Los presidentes de los consejos sociales de las universidades públicas catalanas han elaborado una propuesta de cambio en el gobierno de las universidades. Esta propuesta no es ajena al ya largo conflicto entre Joaquín Coello, presidente del consejo social de la Universitat de Barcelona, y Dídac Ramírez, su rector. En los últimos días, este conflicto se ha agudizado: el claustro de dicha universidad ha resuelto pedir al Govern que destituya a Coello, el cual se ha tomado en serio su cargo y ha ejercido las competencias que le corresponden. En todo caso, tanto el conflicto como la propuesta han resultado oportunos ya que han puesto sobre el tapete un debate pendiente desde hace 30 años: ¿quién debe gobernar una universidad pública?
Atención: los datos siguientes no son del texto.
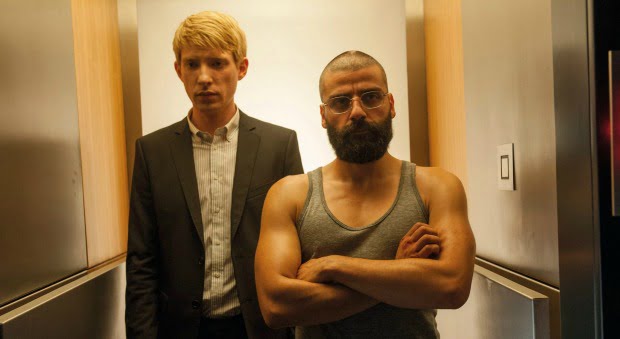 ex_machina-Gleeson_Isaac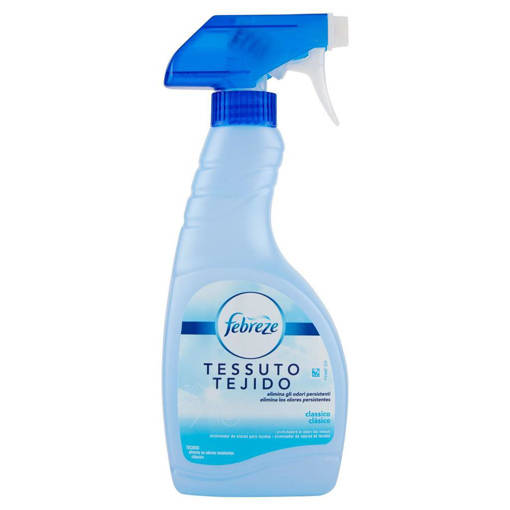 FEBREZE CLASSIC ML.500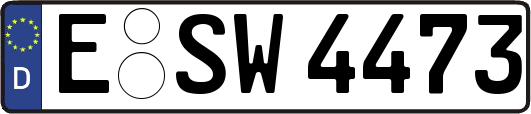 E-SW4473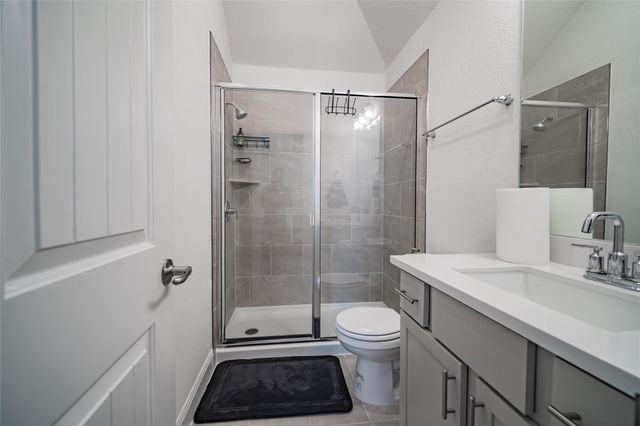 3049 Sage Ranch DR, Leander, TX 78641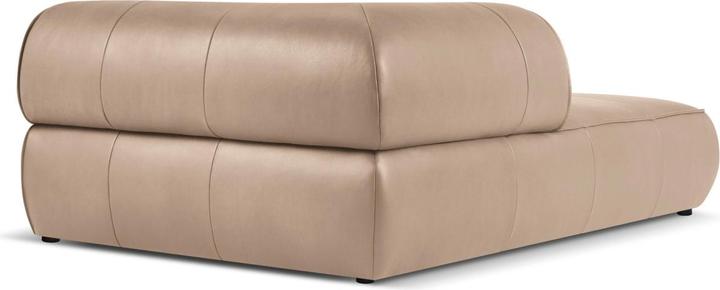 Actual product image Maison Heritage Lily (Chaise longue)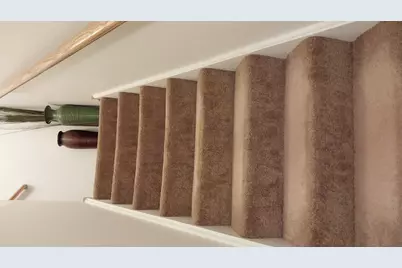 12745 W Wakefield Drive #12745, Beach Park, IL 60083 - Photo 14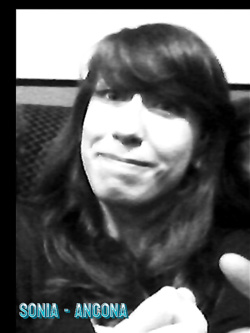 SGUARDI INTELLIGENTI - PRIMI PIANI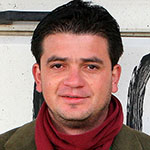 Roberto Torres Huerta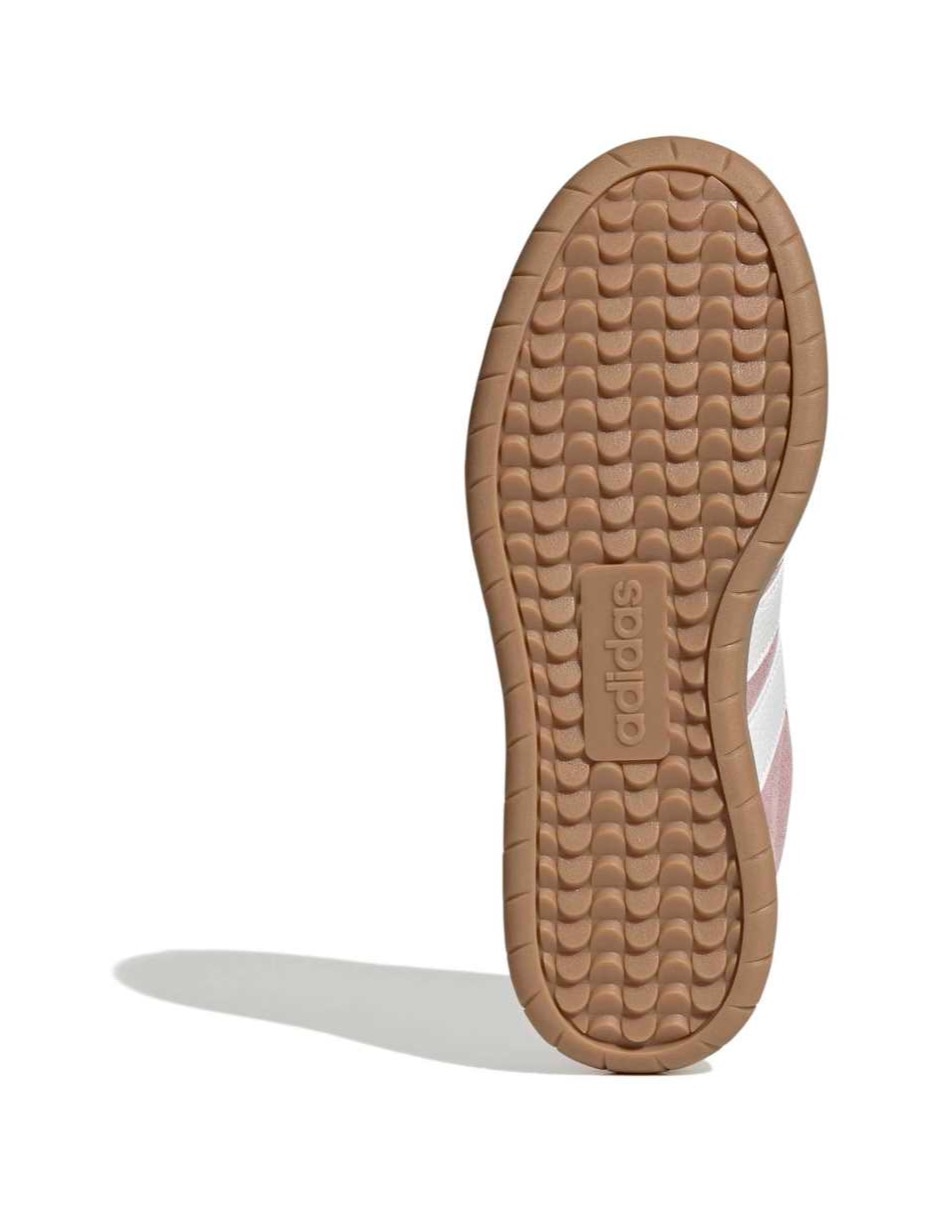 Tenis t-toe para mujer 9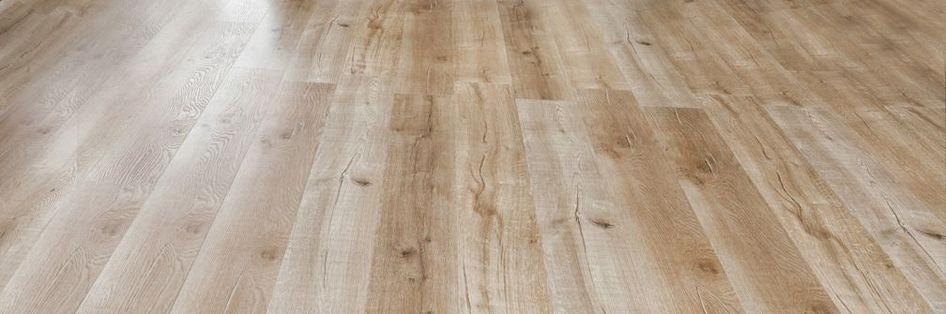 Image AlpineFloor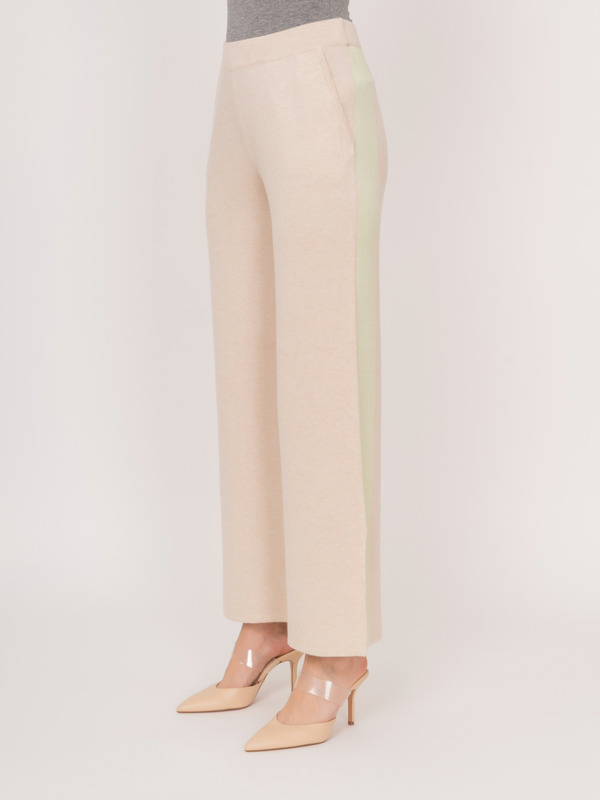 Э122001-15004/22-01 Брюки тр. Taifun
A finales del franquismo y en los inicios de la democracia se encontraron dos palabras mágicas, dos términos que nadie puede poner en duda, para contestar a esta pregunta: autonomía y democracia. La universidad debía ser autónoma y democrática. Y, en consecuencia, los cargos universitarios debían ser elegidos por los propios universitarios, entendiendo por tales todos aquellos que allí estudiaban y trabajaban, es decir, profesores, estudiantes y personal administrativo. A este heterogéneo conjunto humano, con intereses y perfiles profesionales tan dispares, se le ha denominado con otro nombre por encima de toda sospecha: “comunidad universitaria”. El claustro, presidido por el rector, es el órgano de máximo nivel jerárquico, representativo de esta tan curiosa como irreal comunidad. En realidad, en nombre de la autonomía y de la democracia, el sistema de gobierno universitario es la perversión de ambos conceptos. Veamos.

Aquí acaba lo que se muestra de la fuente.